(DATA RECORDS Opens)

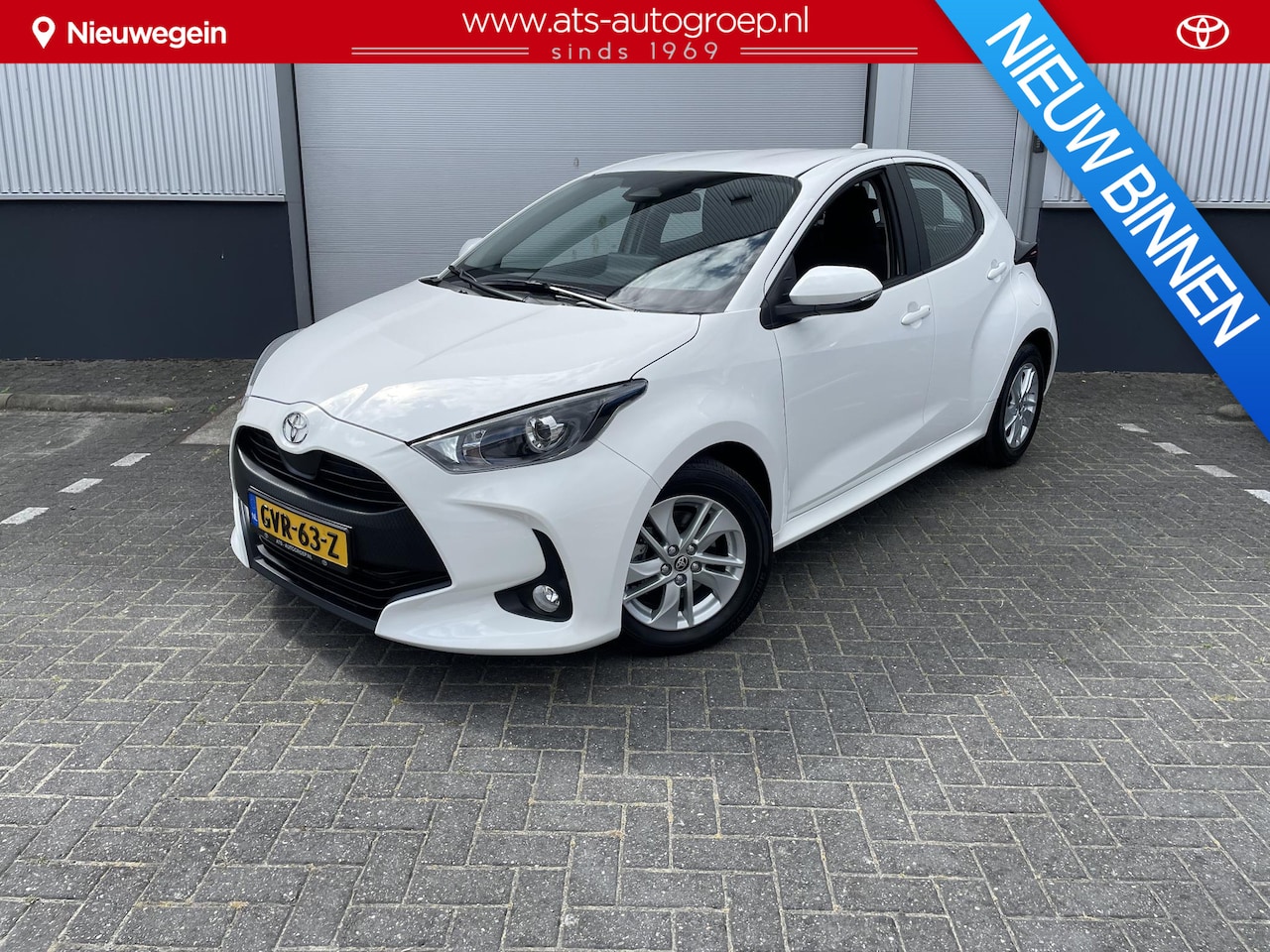Toyota Yaris - 1.5 Hybrid 115 Active | Origineel NL | 1e eigenaar - AutoWereld.nl
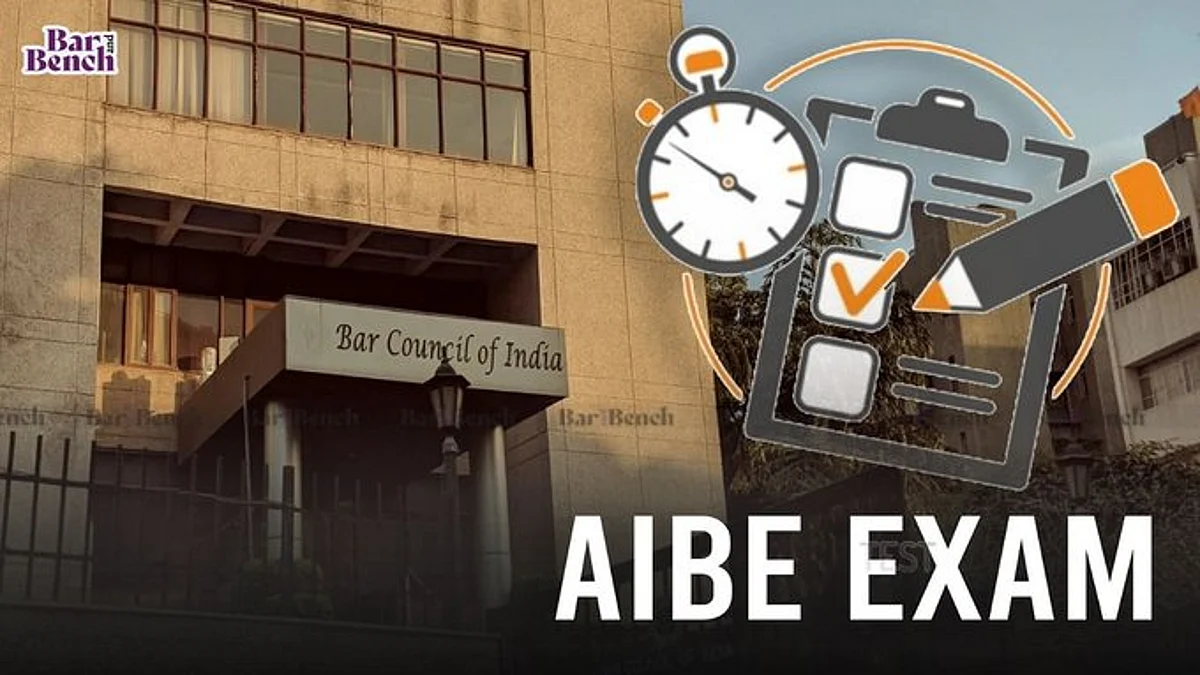 AIBE exam and Bar council of India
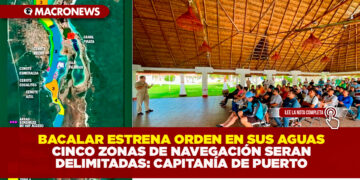 BACALAR ESTRENA ORDEN EN SUS AGUAS, 5 ZONAS DE NAVEGACIÓN SERAN DELIMITADAS: CAPITANÍA DE PUERTO.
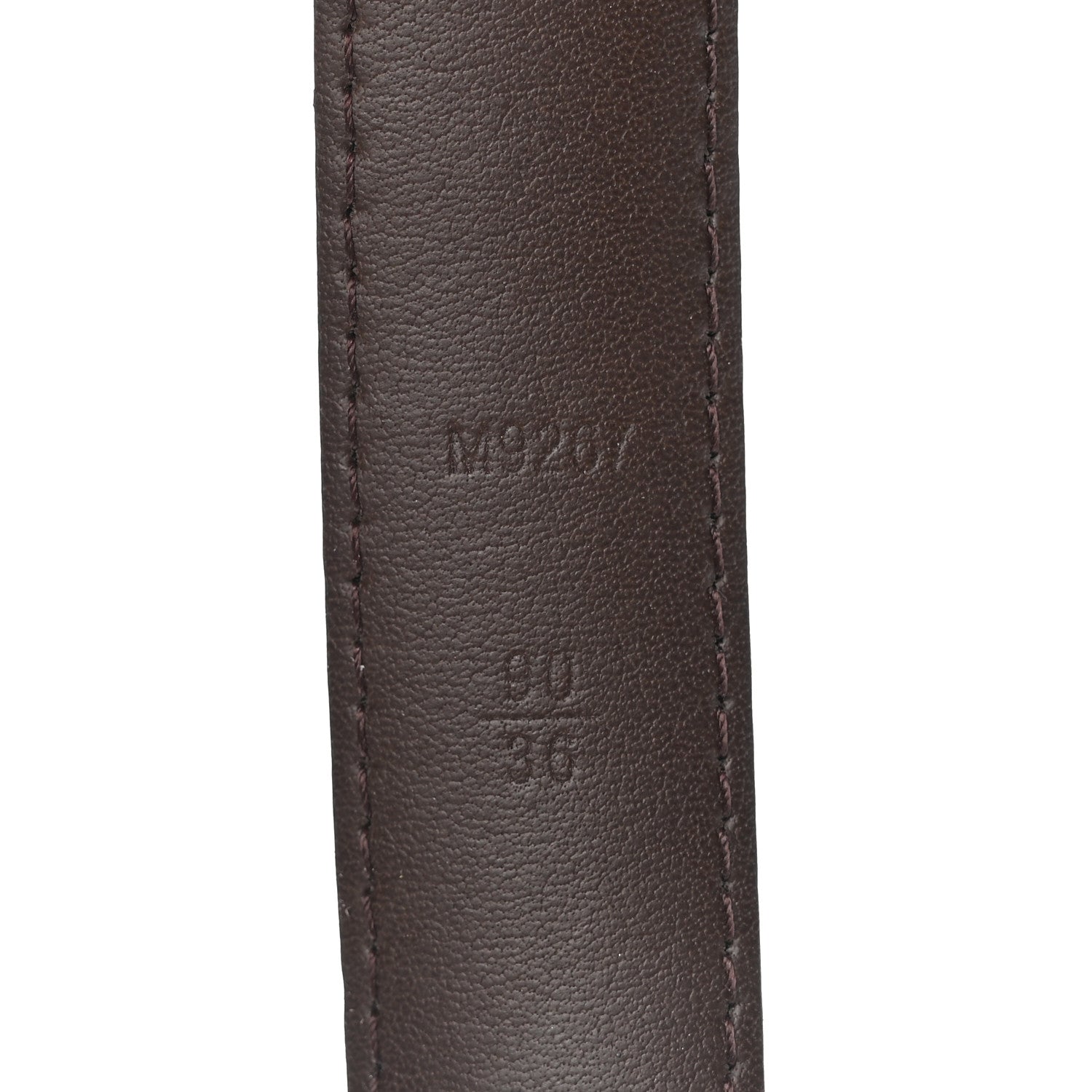 Louis Vuitton Mini Damier Ebene 25mm LV Initiales Belt 90 36 3 of 5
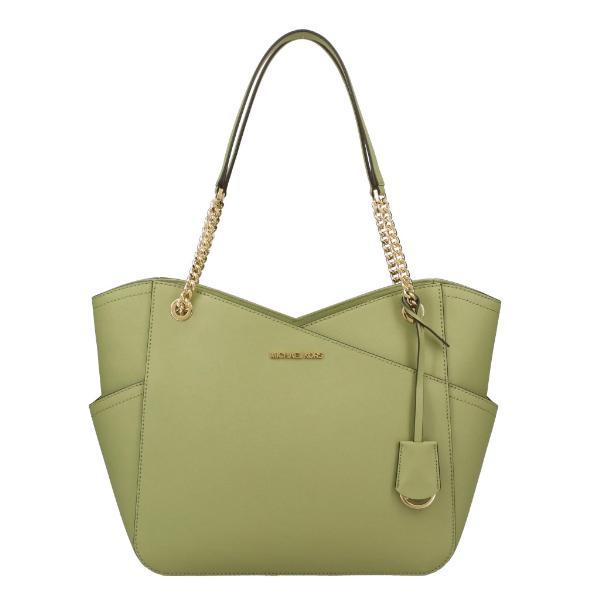 MICHAEL KORS マイケルコース トートバッグ レディース JET SET グリーン 35F...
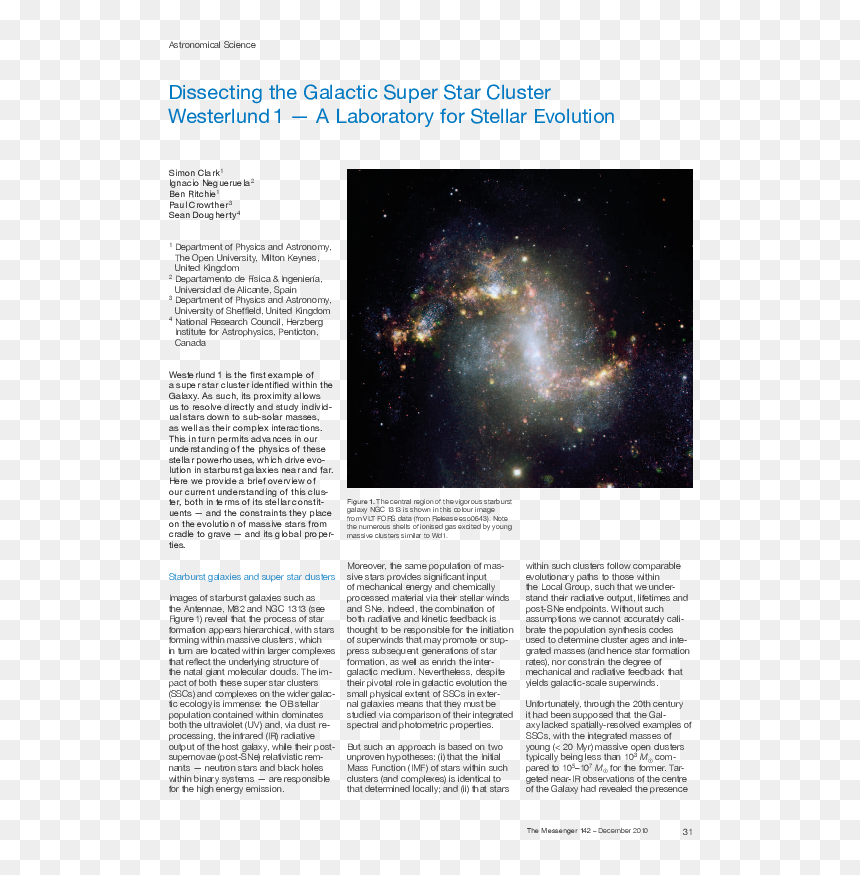 Galaxy, HD Png Download - star cluster png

(DATA RECORDS Closes)

- **WORK TO BE COMPLETED**:
Each line from the one that holds "AIBE exam and Bar council of India" through the end of the entries must be returned exactly, while any pictures stay out.

- **EXERCISE ANSWER**:
 AIBE exam and Bar council of India
 BACALAR ESTRENA ORDEN EN SUS AGUAS, 5 ZONAS DE NAVEGACIÓN SERAN DELIMITADAS: CAPITANÍA DE PUERTO.
 Louis Vuitton Mini Damier Ebene 25mm LV Initiales Belt 90 36 3 of 5
 MICHAEL KORS マイケルコース トートバッグ レディース JET SET グリーン 35F...
 Galaxy, HD Png Download - star cluster png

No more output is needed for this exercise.